§ Extracted material
>>>

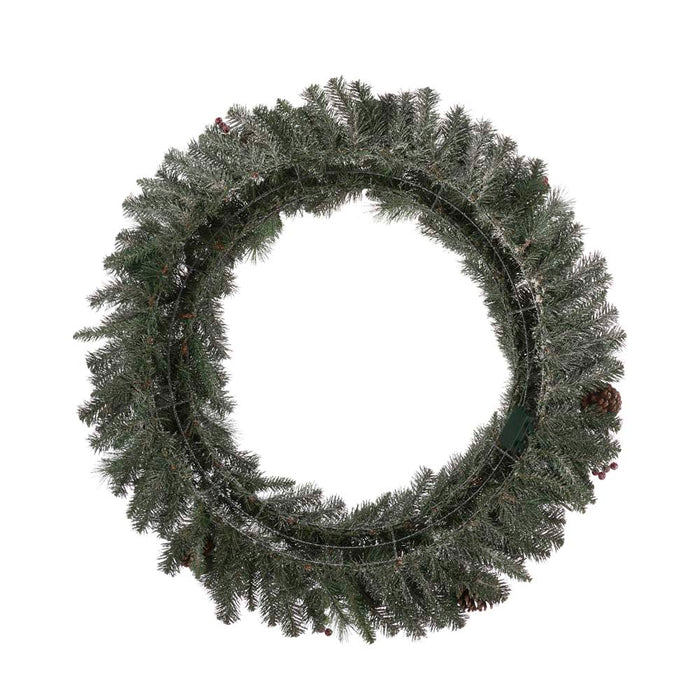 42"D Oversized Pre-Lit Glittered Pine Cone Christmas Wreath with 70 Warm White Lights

<<<
>>>

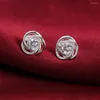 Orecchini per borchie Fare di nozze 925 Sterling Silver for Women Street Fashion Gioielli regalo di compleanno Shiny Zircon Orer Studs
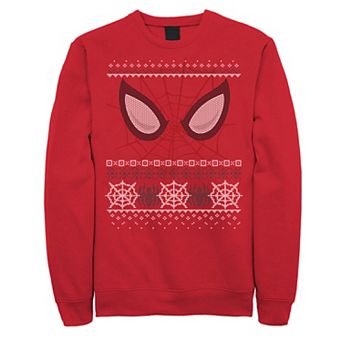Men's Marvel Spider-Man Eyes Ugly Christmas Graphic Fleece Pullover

<<<
>>>

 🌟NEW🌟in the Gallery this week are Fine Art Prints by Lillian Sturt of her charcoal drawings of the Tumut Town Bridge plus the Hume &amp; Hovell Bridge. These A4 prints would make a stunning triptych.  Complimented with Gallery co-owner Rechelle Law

<<<

§ Task
Above are records with pictures. Reproduce exactly only the lines from the line with "Orecchini per borchie" through the line with "Men's Marvel Spider-Man", both ends included, and leave the pictures out.

§ Expected answer
 Orecchini per borchie Fare di nozze 925 Sterling Silver for Women Street Fashion Gioielli regalo di compleanno Shiny Zircon Orer Studs
Men's Marvel Spider-Man Eyes Ugly Christmas Graphic Fleece Pullover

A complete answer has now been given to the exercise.